In progress at UNHQ

NOTE TO CORRESPONDENTS UNITED NATIONS FILMS, VIDEOS TO BE FEATURED AT VENICE INTERNATIONAL FILM FESTIVAL, 30 AUGUST - 1 SEPTEMBER

28 August 1997


Press Release


NOTE TO CORRESPONDENTS UNITED NATIONS FILMS, VIDEOS TO BE FEATURED AT VENICE INTERNATIONAL FILM FESTIVAL, 30 AUGUST - 1 SEPTEMBER

19970828

Also To Be Aired on In-House Channels 3, 31, on 2-3 September

A retrospective of United Nations films and videos will be shown at United Nations Headquarters in New York on in-house channel 3 or 31 on Tuesday and Wednesday, 2 and 3 September. The screening will be from 2:30 to 4:30 p.m.

The productions, which include the most recently released videos made by the Department of Public Information (DPI), as well as programmes dating back over four decades, are being screened at the fifty-fourth Venice International Film Festival from 30 August to 1 September.
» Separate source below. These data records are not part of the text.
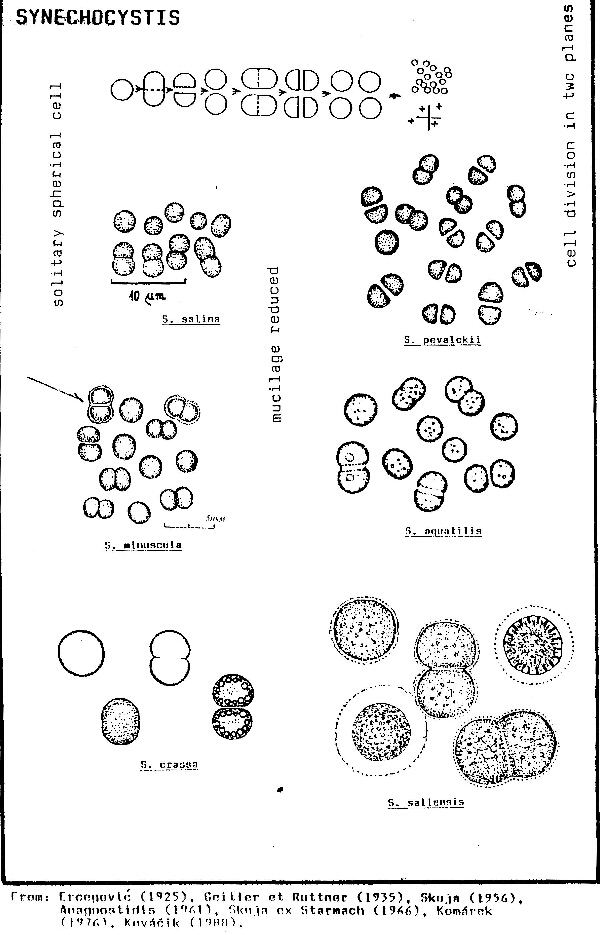 Synechocystis Synechocystis CyanoDBcz A database of cyanobacterial genera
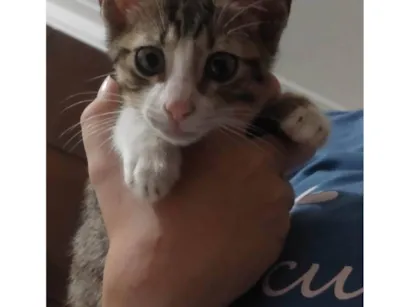 Gato raça SRD-ViraLata idade Abaixo de 2 meses nome Sem nome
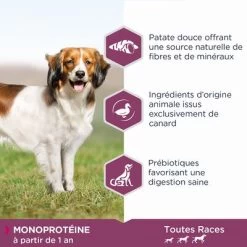 Eukanuba Daily Care Mono-Protein Canard Pour Chien -Pet Care Soldes 8710255189178 1 9
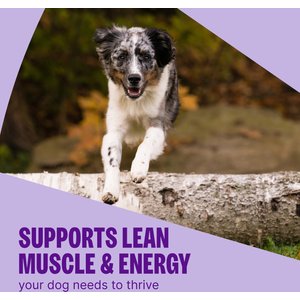 Wellness CORE Adult Grain-Free High-Protein Natural Turkey & Chicken Dry Dog Food, 26-lb bag
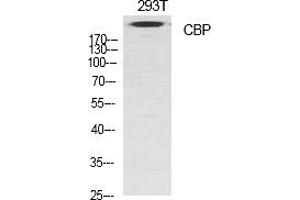 Western Blot analysis of various cells using CBP Polyclonal Antibody diluted at 1:1000. (CBP antibody  (AA 2370-2450))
The Secretary-General will be attending the festival on 30 August.

The videos will also be shown simultaneously on a large screen in the viewing room in Studio 4 on the 1B level of the General Assembly Building near the Viennese Cafe.

On Tuesday, 2 September, from 2:30 to 4:30 p.m., the following videos will be screened at Headquarters:

-- Overture (1958): Black-and-white film treatment of part of Beethoven's Egmont Overture (9 minutes);

-- Footnotes to a War (1980): Film on plight of refugees in Indo-China (15 minutes);

-- Free Namibia (1978): Film on history and situation of Namibia (then South-West Africa);

-- Breaking Barriers (1989): Video on hopes and reams of disabled people (29 minutes); and

-- Menace of Land-Mines (1997): Video on worldwide problem of land- mines (14 minutes).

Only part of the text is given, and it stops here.